Well, frankly, because I've seen all this before. This thing has been stinking like a rotten fish since before Thanksgiving. It's time to just take out the damn trash. But it isn't just that. I'm worried.
The thing is, this proposal was very well written, and Leonard and Potter were very astute. They crafted something that no reasonable person could disagree with. They're asking for a very simple thing: oversight of a rogue operation. The person whom we elected to run this city is simply demanding that he have access to the information needed to determine whether the laws of this state are being followed by those who work for him. Obviously, those who would profit from silencing dissenting voices in this city do not want this. It's too easy, and too much fun to jail and harass radical, liberal, and environmental activists who might make waves. It's too conventient to be able to incarcerate and deport people whose faces are the wrong color. And it's just been too intoxicating to have all that power with no transparency. This proposal would put a big dent in all that, into their ability to carry out spying and harassment that is clearly illegal under the Oregon Constitution (not to mention the US Constitution, but I guess that's a moot point now).

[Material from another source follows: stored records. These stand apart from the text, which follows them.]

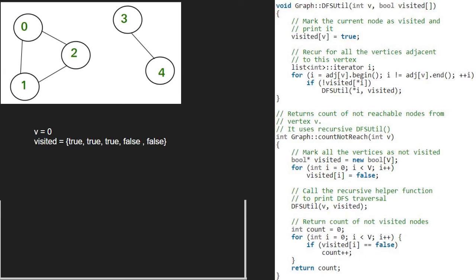Now, in the count not reach function, we count the number of false elements in the visited array which is 2 and we return 2. So, 2 is the number of non-reachable nodes in this graph.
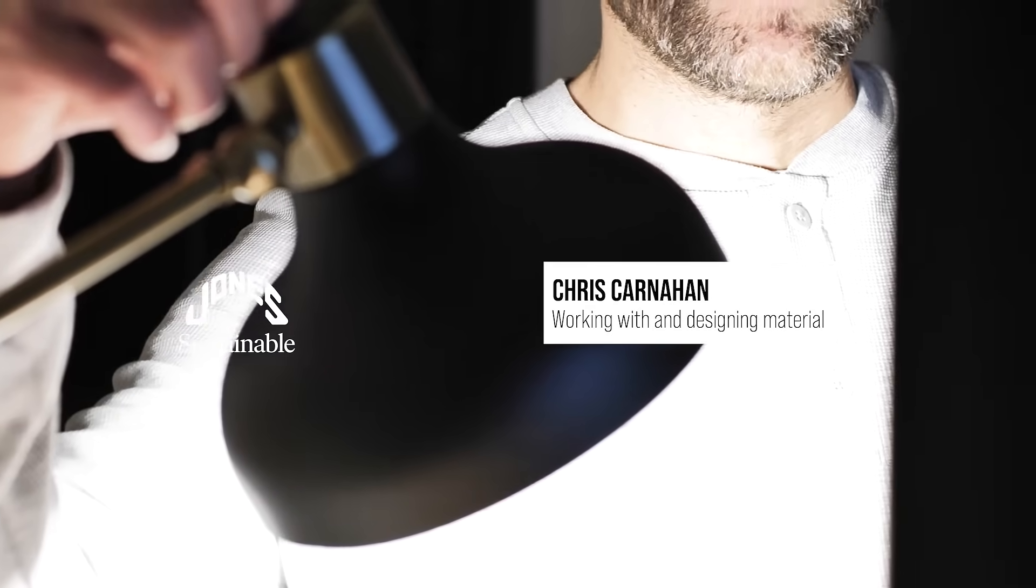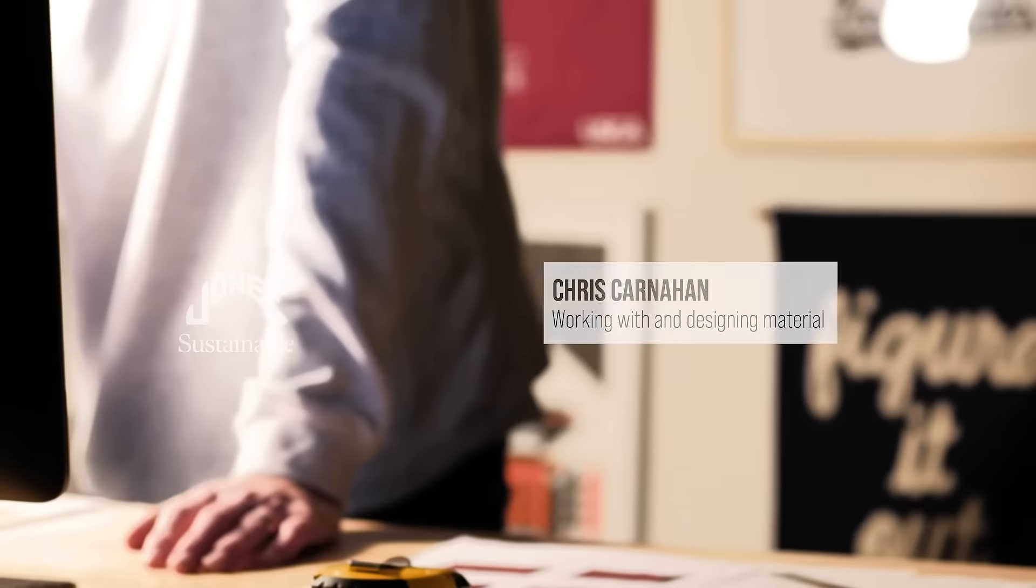My name is Chris Carnahan. I'm a designer here at Jones Sports Company and I've had the honor to bring you some of our best products the last 10 years.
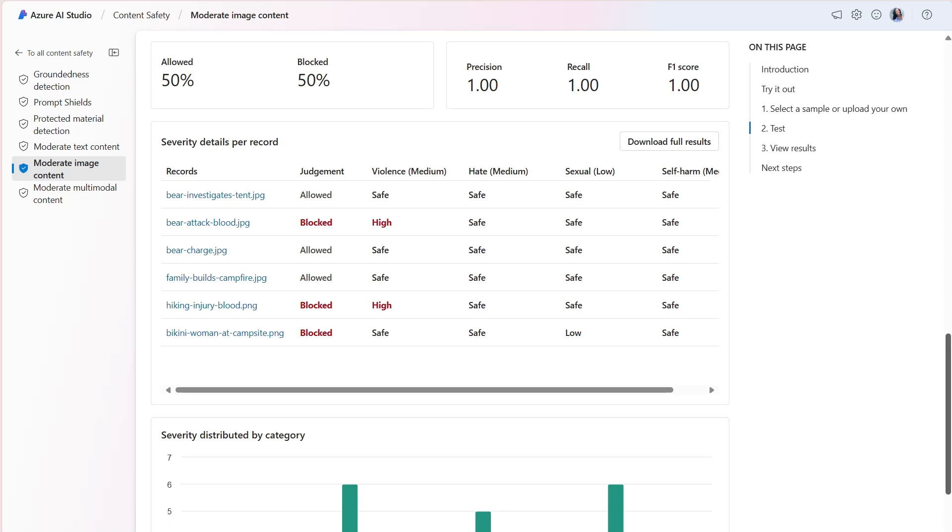This score is an indication that when the model says content is harmful, it's always correct. The Recall metric reveals how much of the actual harmful content the model correctly identified. It's a measurement of the model's ability to identify actual harmful content. The model also scored 1.00 or 100%.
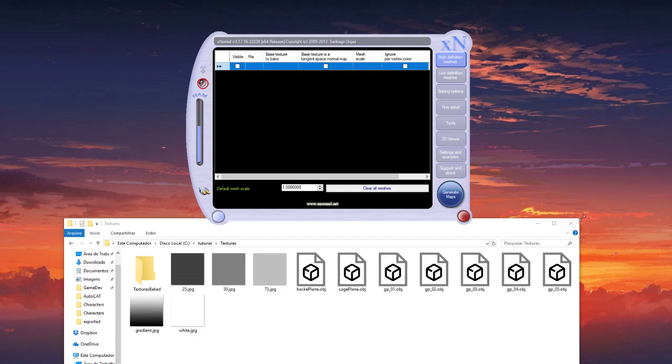Hello! So we are here with the last part of the tutorial and here we will create the textures to apply on the hair. So let's start.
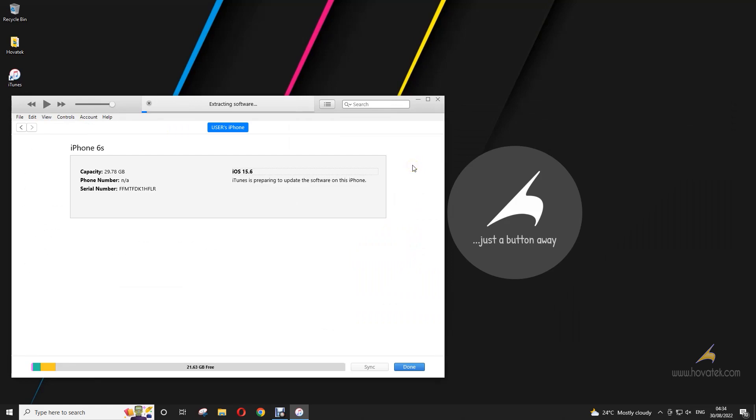Once the extraction is done, it should start updating your iPhone or iPad. Ensure it's connected throughout this entire process and avoid disconnecting. It's going to reboot your device into DFU. That's going to be a black screen with the Apple icon or the Apple logo and then a loading bar. So you just wait while it updates.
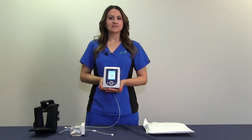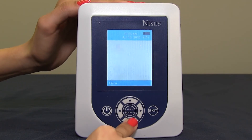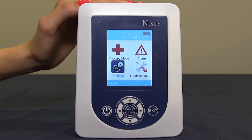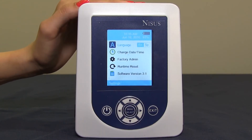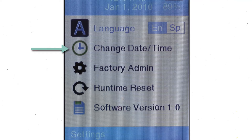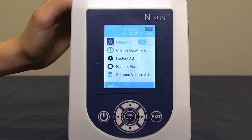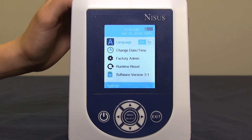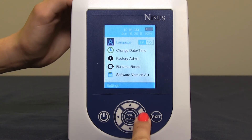In order to access the settings, locate menu select, and arrow down to highlight settings. Once highlighted, press menu select. Here you will see language, change date and time, factory admin, runtime reset, and software version. In order to change the language from English to Spanish, make sure language is highlighted. Once highlighted, arrow over to highlight Spanish.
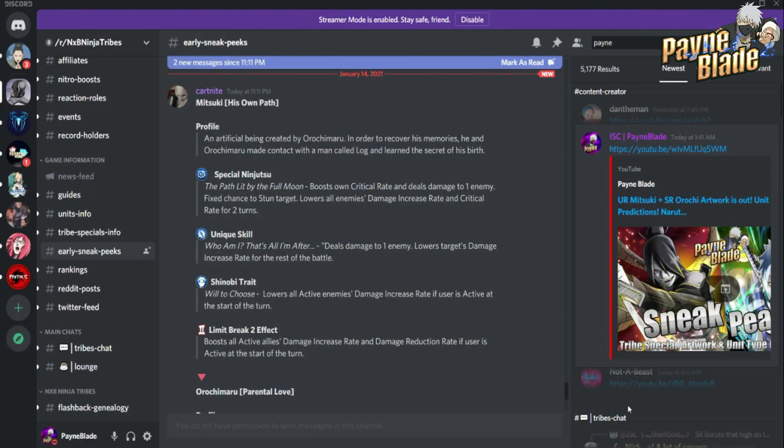What's going on everybody, Painblade back here again from server one representing IAC. The leaks are out, so shout out to Cart Knight and the guys from Discord for doing these data mining. Let's go.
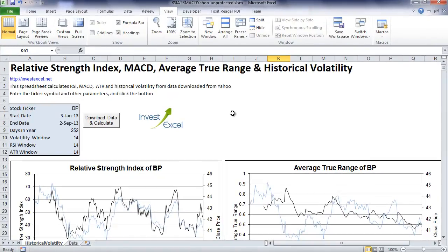Hi, this is Samia from InvestExcel.net. This Excel spreadsheet plots several technical trading indicators from historical stock quotes that it automatically downloads from Yahoo Finance.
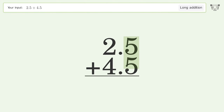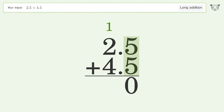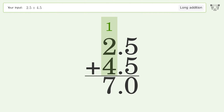5 plus 5 equals 10 — carry 1 to the 1's place. 1 plus 2 plus 4 equals 7, and so the final result is 7.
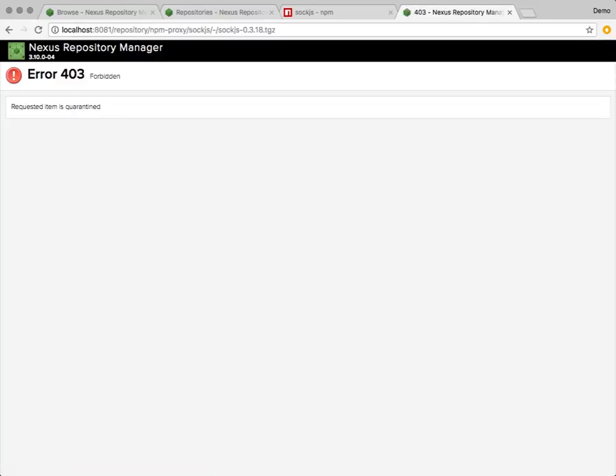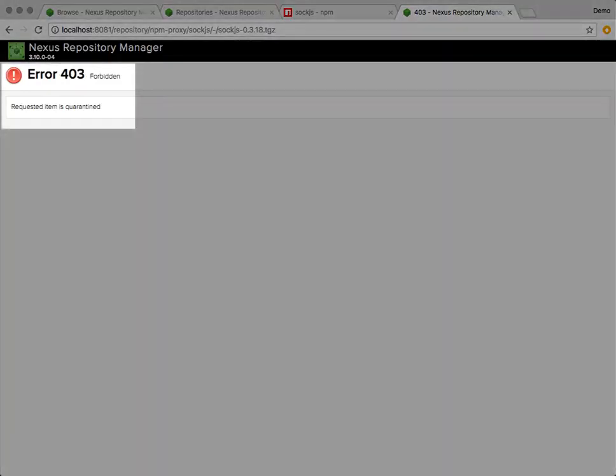Here we see the expected HTTP 403 error informing the user that the item has been quarantined by its security policies.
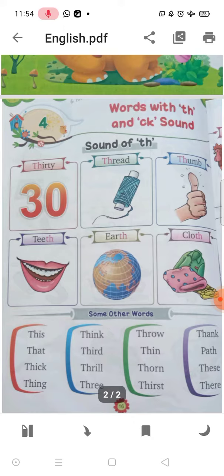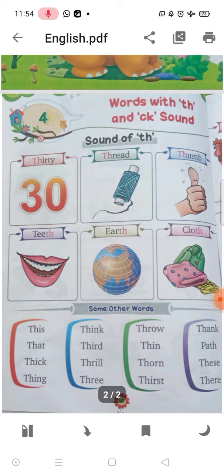Children, here are all words where T-H or the TH sound is coming. So what are we going to say? 'Tha' words — tha sounds wale words, okay? And some other words here below.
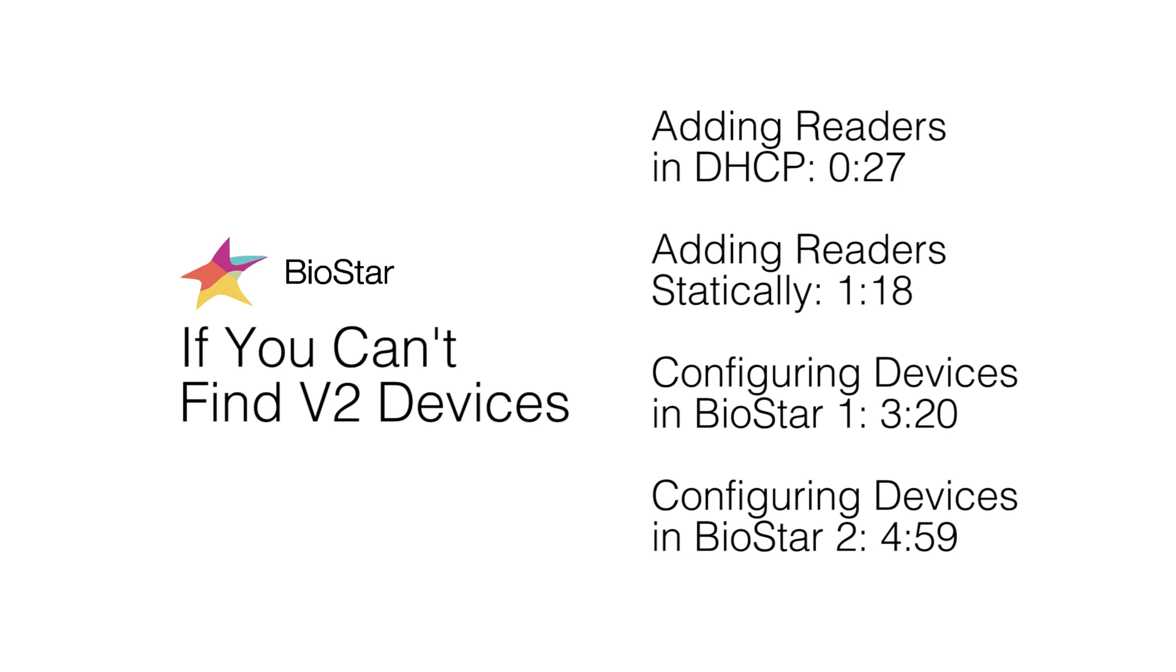This video is the second of three videos explaining the steps to take if you can't add your device in Biostar 1 or 2. Please watch our basic troubleshooting video before completing the steps in this one.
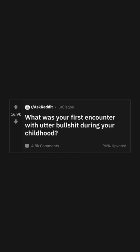What was your first encounter with utter bullshit during your childhood? I was bullied a lot in elementary school.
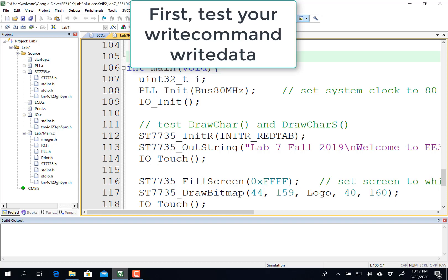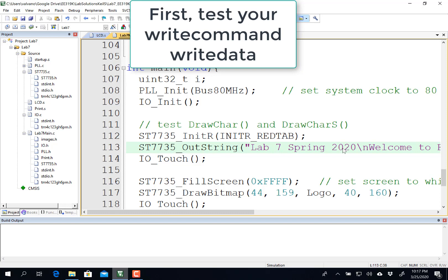Hi, John Valvano here, and I'd like to show you some of the initial testing of your software solution to Lab 7. It turns out you don't have to write the whole lab before you start debugging. Debugging in pieces makes sense. In this particular video, I'm going to show you that as long as you can write the two functions in LCD.S, you'll be able to run this line of code and test those two functions.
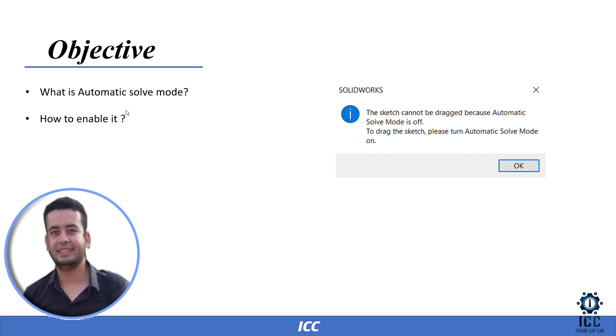So the sketch will be off of solve mode. To enable automatic solve mode, that's our objective of this video.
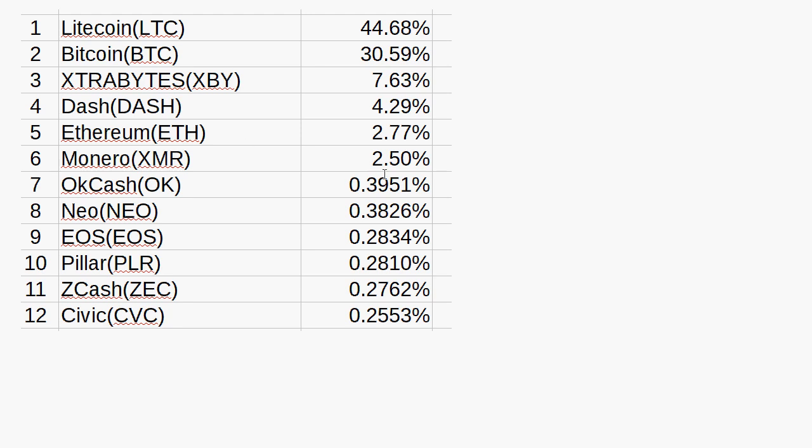Now there's a big difference between number six and number seven. Coins number one, two, four, five, and six - Litecoin, Bitcoin, Dash, Ethereum, and Monero - trade against each other. I trade Litecoin against Bitcoin, Dash, Ethereum, and Monero. Bitcoin against Litecoin, Dash, Ethereum, and Monero. And so on and so forth. So those are the interesting five that I have.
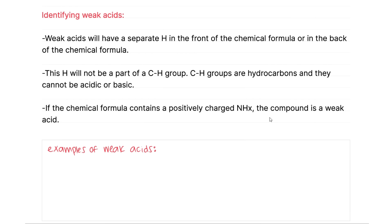For identifying weak acids, weak acids will have a separate hydrogen in the front of the chemical formula or in the back of the chemical formula. This hydrogen will not be a part of a CH group, because CH groups are hydrocarbons, and hydrocarbons are not acidic or basic. If the chemical formula contains a positively charged NH compound, the compound is a weak acid.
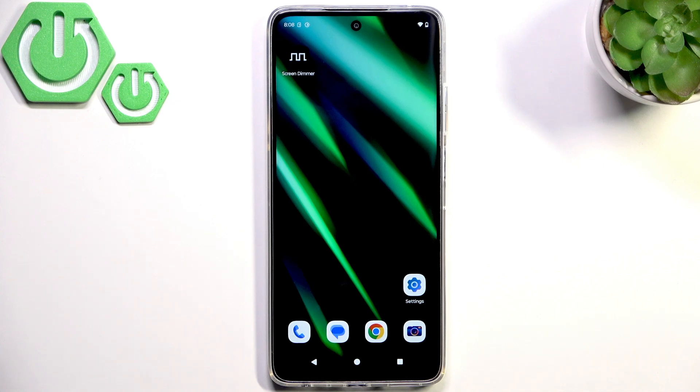Hello everybody, welcome back to R374 channel. Today I will show you how to easily fix the ghost touch problem on your Moto G56.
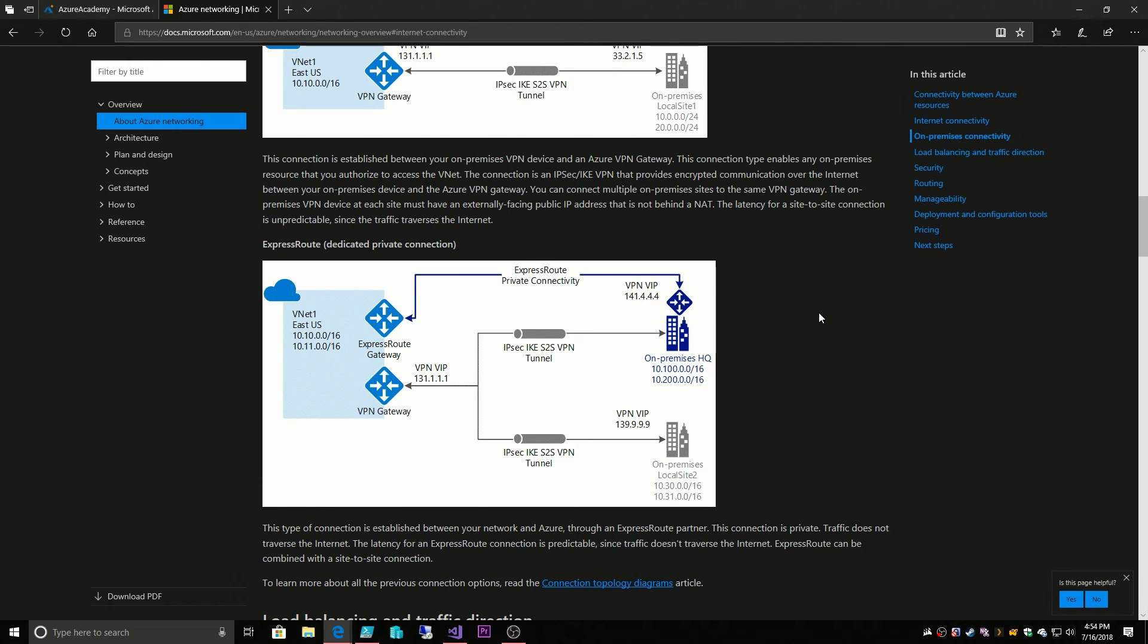Okay, so in our next couple videos we're going to show you how to set up an ExpressRoute, a site-to-site VPN, and a point-to-site connection. So let's start off with our ExpressRoute.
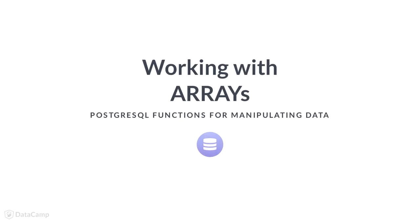Welcome back! Now you will get a bit more advanced as we begin to explore array data types.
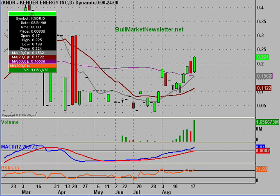Hey it's ClayTrader and this will be a video chart on KNDR, Kender Energy Incorporated.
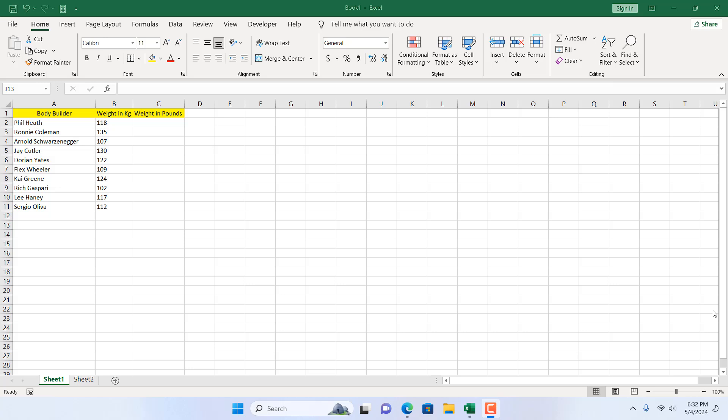How to convert weight in Microsoft Excel? We are going to convert kilogram to pounds and pounds to kilogram. Let's get started.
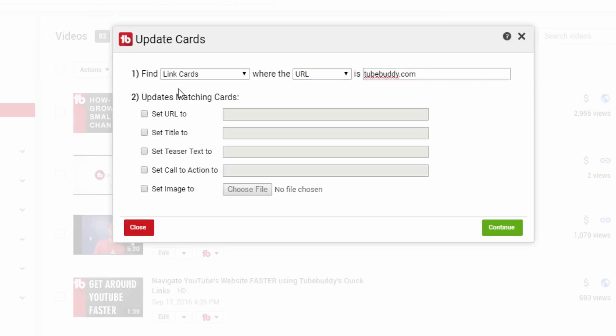The second part is to choose what properties of the matching cards you want to update. You can update the URL, title, teaser text, call to action, or image.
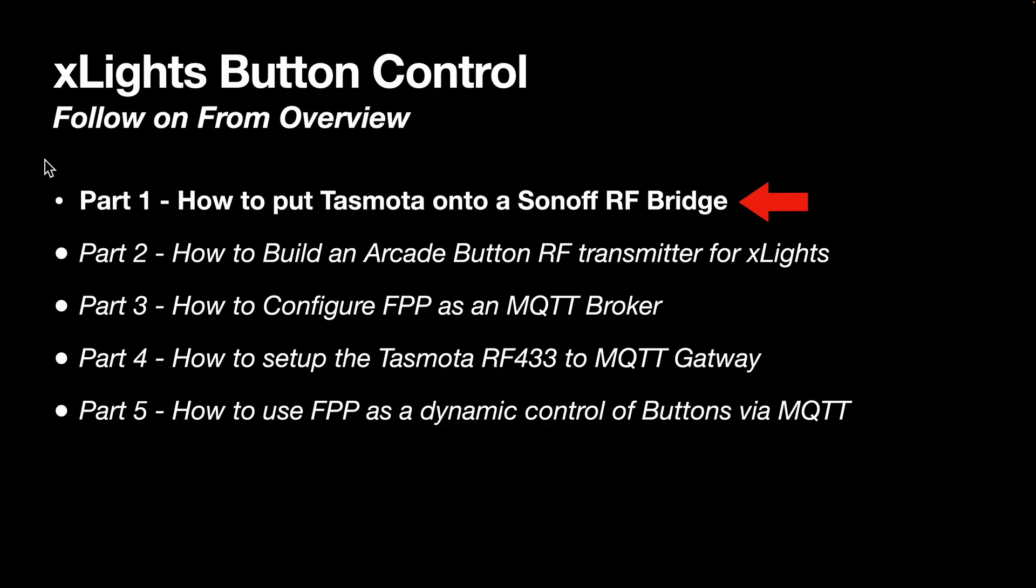This is the first of five short follow-on videos from the overview video of how to use xLights button control using RF433 wireless controls. This won't make any sense unless you check the overview video first.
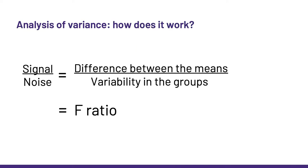As we just saw, the signal will be the difference between the means and the noise, the variability within the groups. And the ratio of the two will give us F, chosen for Fisher, a big name in stats. Anyway, this is the statistic produced by the ANOVA. Now, let me show you how it works.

They could think of no way to actually challenge the nuts and bolts of the proposal -- it was too reasonable. So they did the only thing they could do to change the outcome, they asked for a delay. This way, the battle could be waged in the headlines of the Oregonian and the non sequiters of KATU. The corporate media in this city is aligned through like minds, big money, and board afiliations, with those who would prefer to keep the PJTTF rampaging through our community without reigns. Expect a lot of headlines in the days to come about the demon Terror and the need for the PJTTF. This is a poweful tool, considering how many people are still gripped by the urge to sit quietly in darkened rooms and passively soak up the corporate media's hypnotic messages.
Mayor Potter will be under enormous pressure from now until the vote is finally called. Is he strong enough to stand up for what he says he believes? I do not know. And this is why this delay is so frustrating.